Collected data entries
* * * * * * *

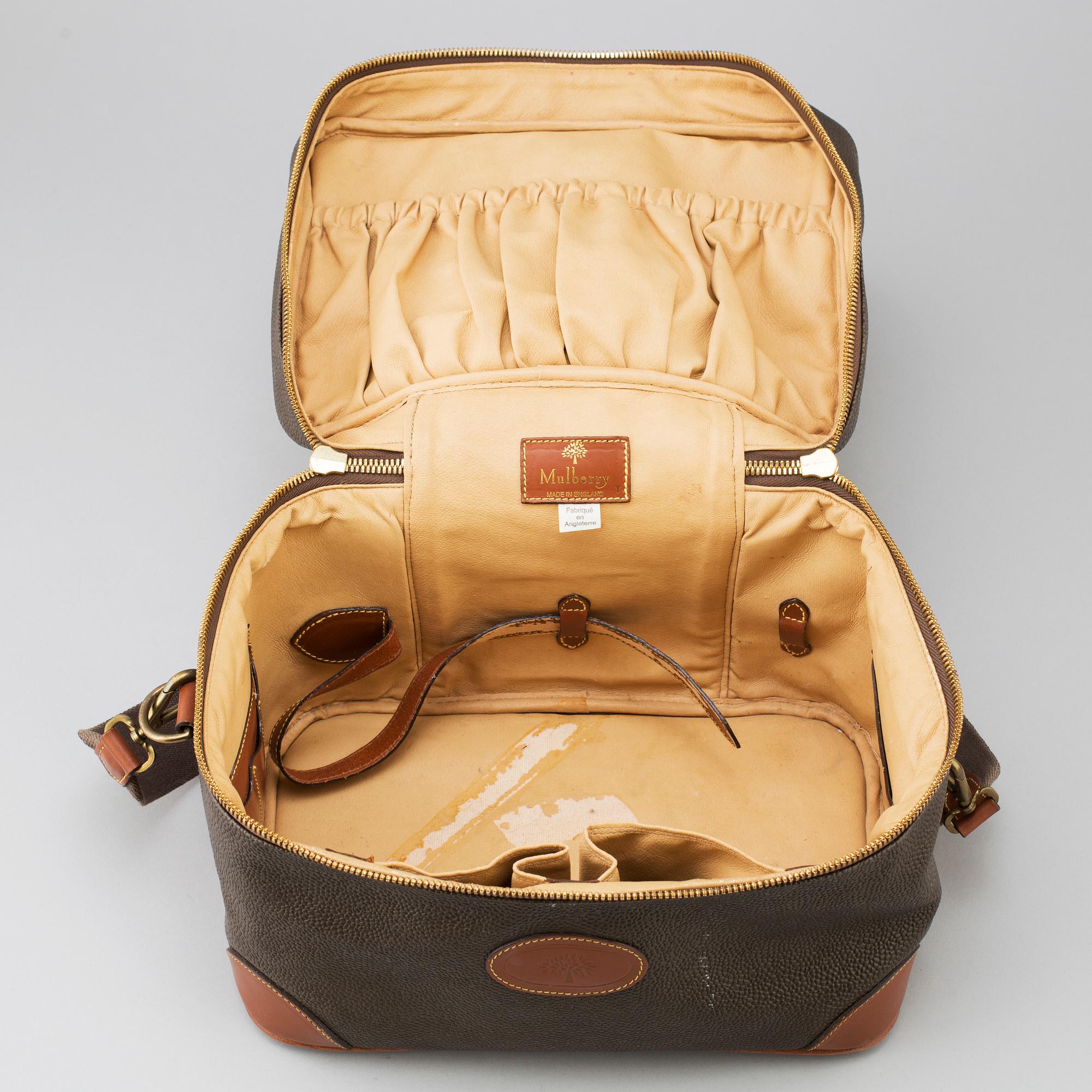 A Mulberry scotchgrain beautybox and travel wash case.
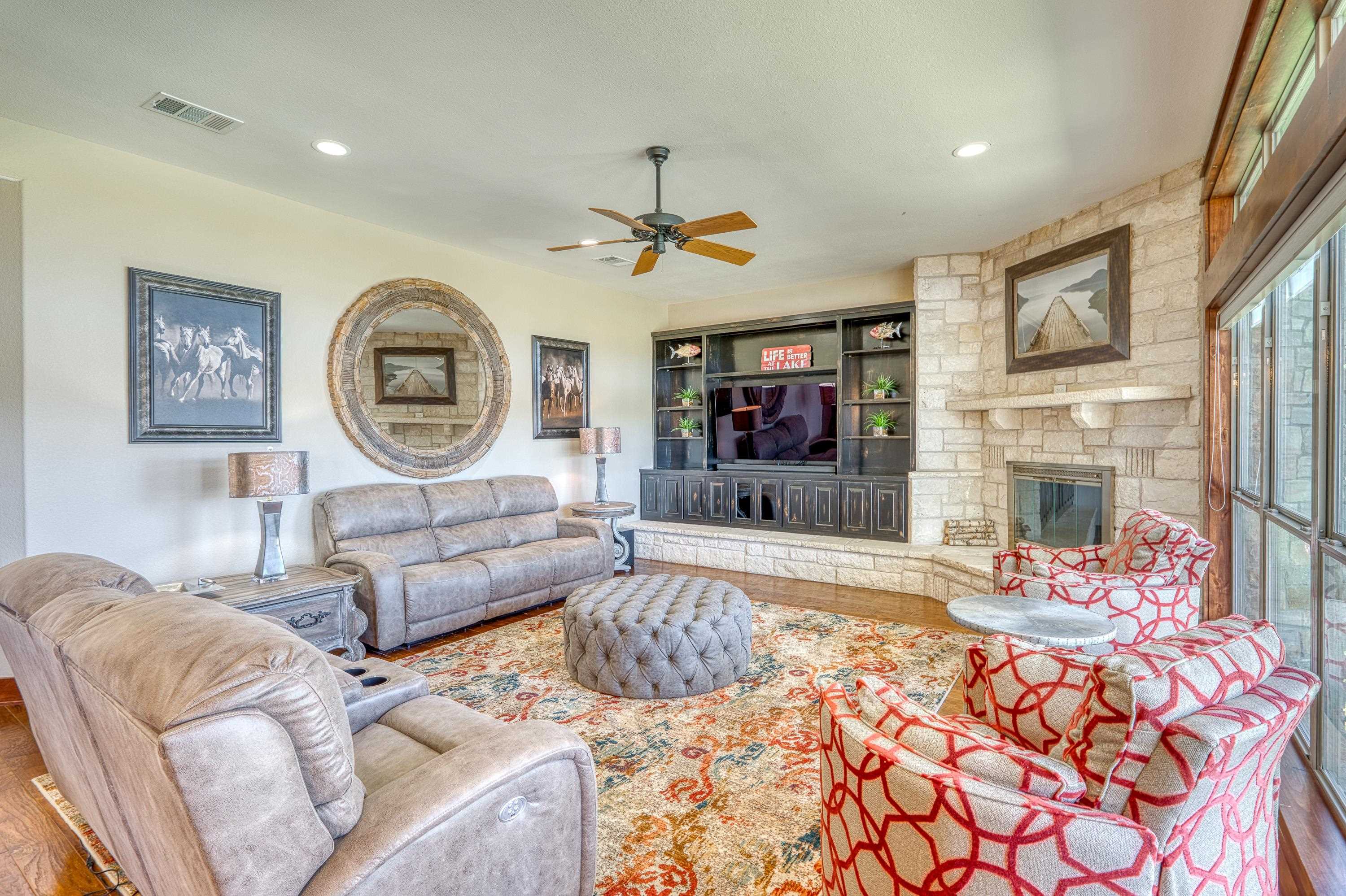 206 River Ranch Road Kingsland, TX 78639 - Photo 10 of 30 a living room with fireplace furniture and a flat screen tv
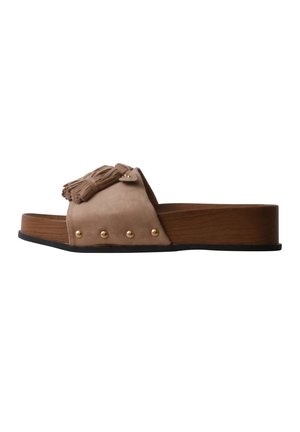 Sandale slide en daim beige avec semelle plateforme en bois, clous dorés sur le côté et pampilles décoratives sur la large bride avant.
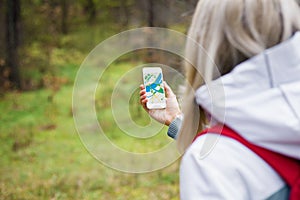 Woman geocaching in forest and using map app on smartphone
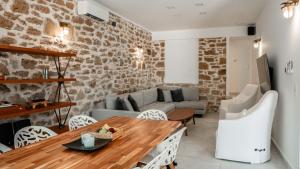 a living room with a table and a couch at Bluevera seafront villa-Aidipsos bay in Gialtra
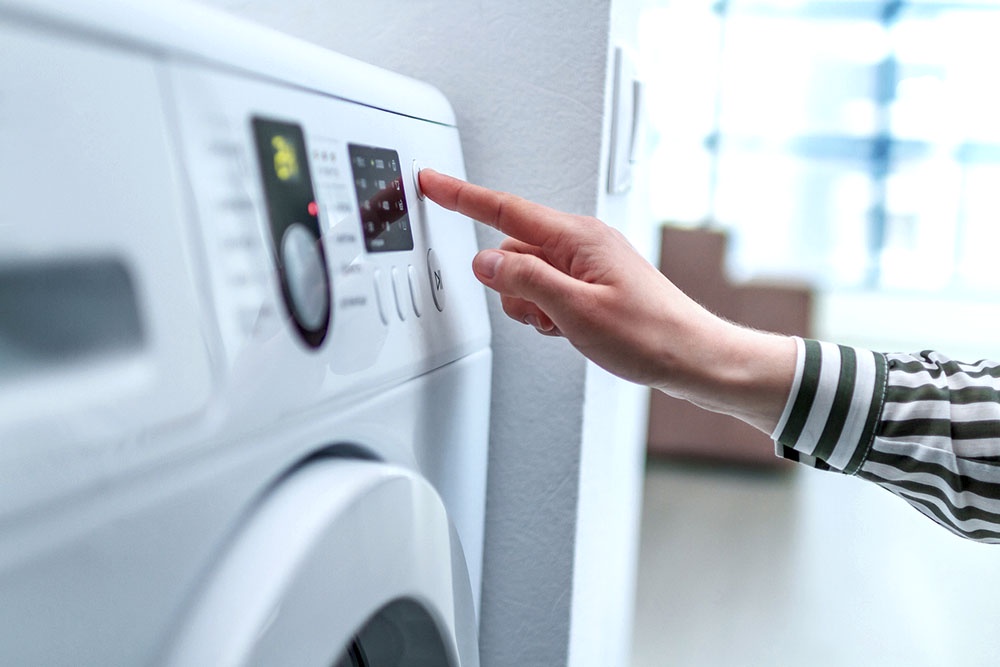 Выбор режима стирки на стиральной машинке.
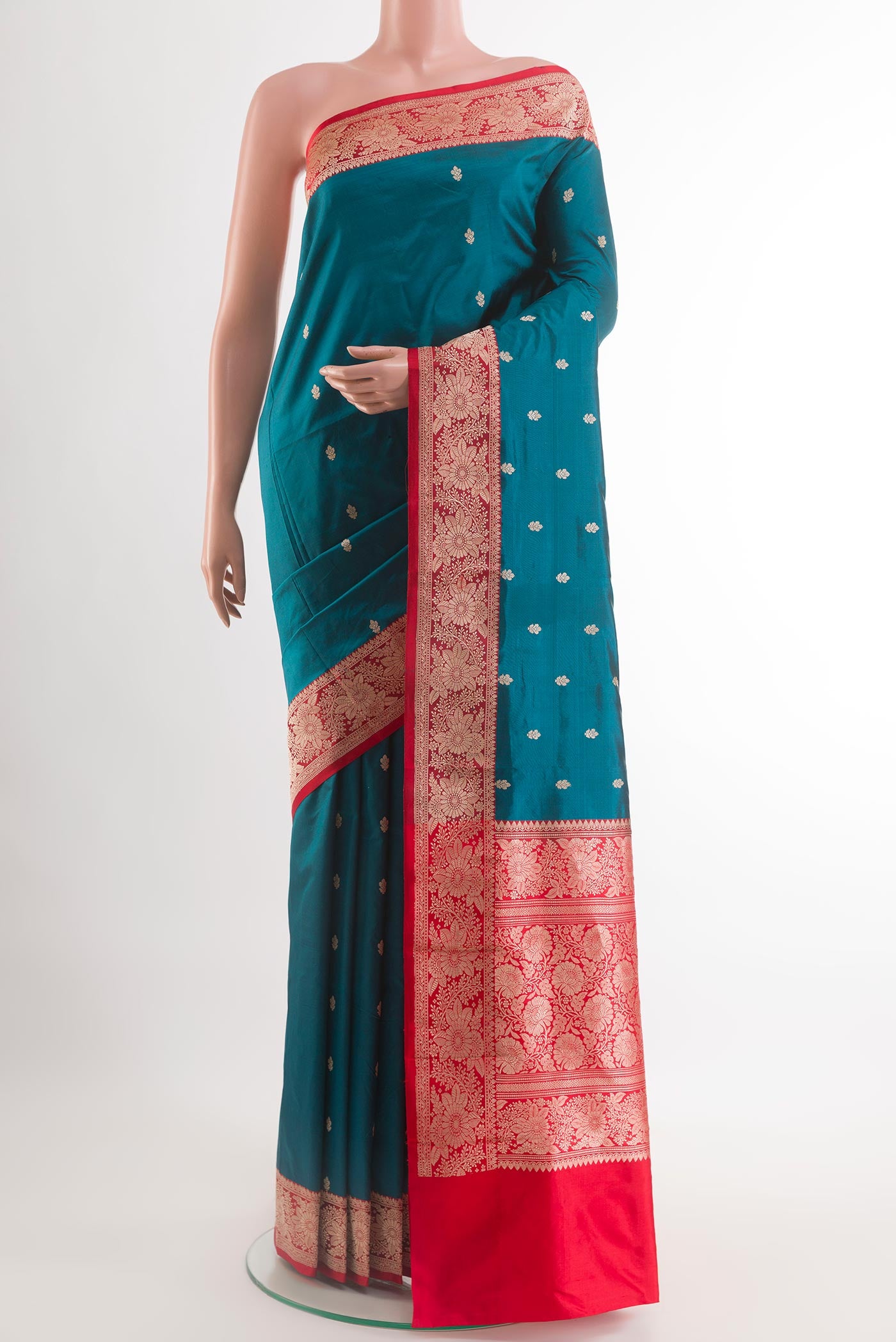 Blue Banarasi Katan Silk Saree with Zari Butta on the body and Zari Border.  displayed on a mannequin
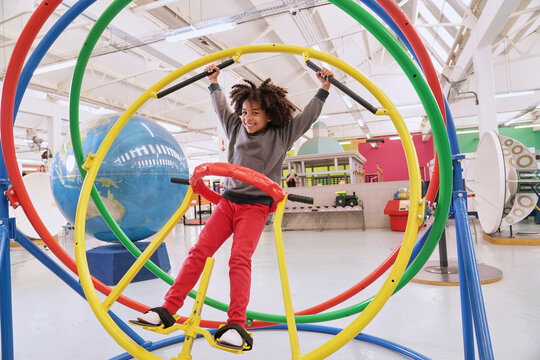 Girl having fun on gyroscope at science center
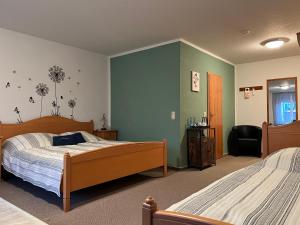 a bedroom with two beds and green walls at Landhaus Pusteblume in Quedlinburg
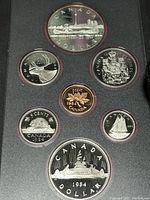 Photo of seven Canadian coins in a black display case, showing front designs and the variety of coins included in the set.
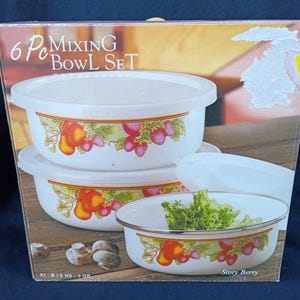 May include: A 6-piece mixing bowl set with white bowls and lids. The bowls have a decorative border with illustrations of fruit and leaves. One bowl contains lettuce. The box reads "6 Pc Mixing Bowl Set".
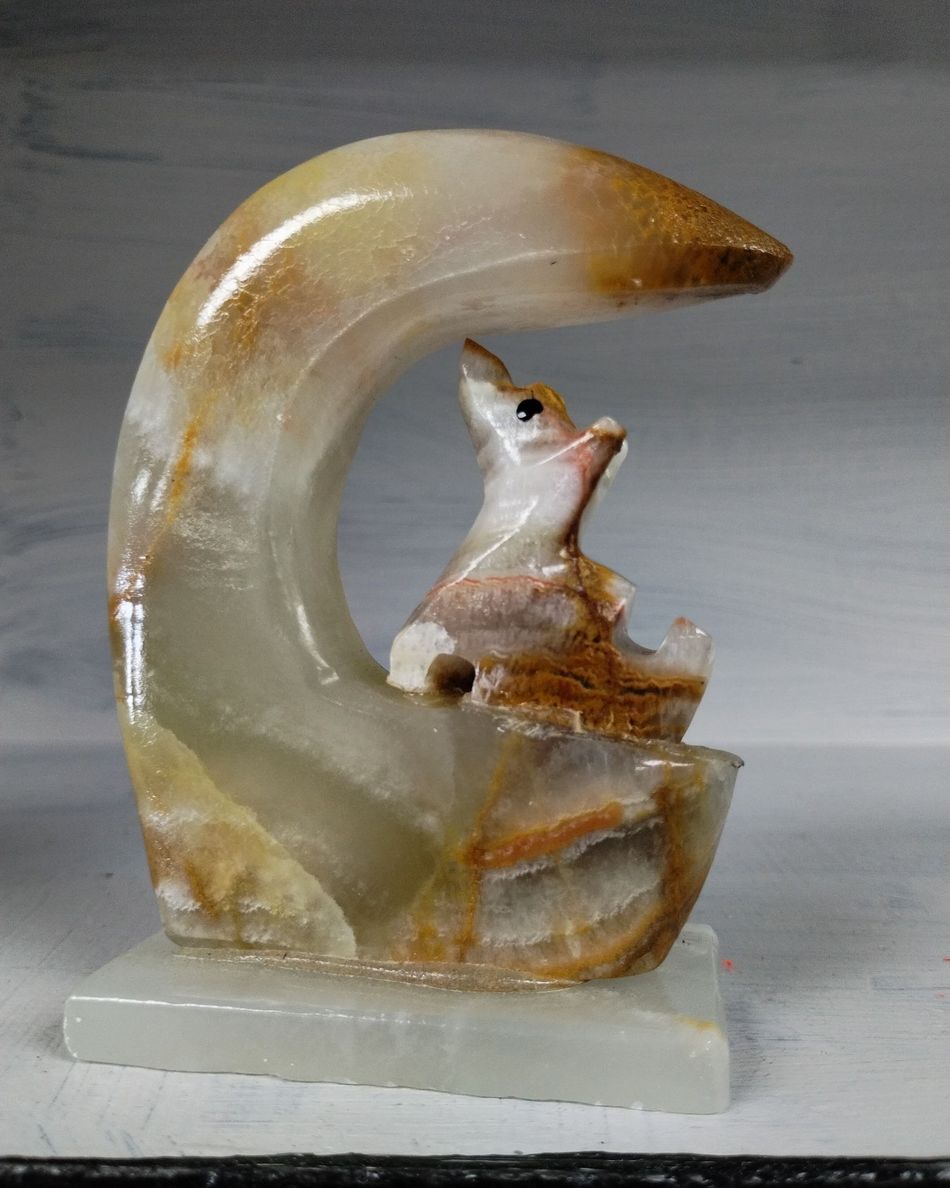 Stone sculpture of a small animal, possibly a fox, gazing upward. Set beneath a curved onyx formation.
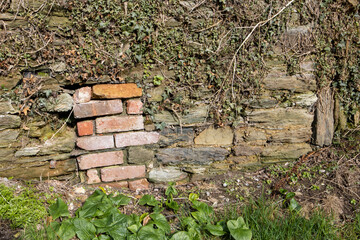 Red bricks in a Cornish stone wall Lerryn Cornwall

* * * * * * *

TASK REQUIREMENTS: The lines to return run from the line containing "Выбор режима стирки на стиральной машинке." through the last line of the records. Give them exactly, omitting pictures.

TASK ANSWER:
 Выбор режима стирки на стиральной машинке.
 Blue Banarasi Katan Silk Saree with Zari Butta on the body and Zari Border.  displayed on a mannequin
 Girl having fun on gyroscope at science center
 a bedroom with two beds and green walls at Landhaus Pusteblume in Quedlinburg
 Photo of seven Canadian coins in a black display case, showing front designs and the variety of coins included in the set.
 May include: A 6-piece mixing bowl set with white bowls and lids. The bowls have a decorative border with illustrations of fruit and leaves. One bowl contains lettuce. The box reads "6 Pc Mixing Bowl Set".
 Stone sculpture of a small animal, possibly a fox, gazing upward. Set beneath a curved onyx formation.
 Red bricks in a Cornish stone wall Lerryn Cornwall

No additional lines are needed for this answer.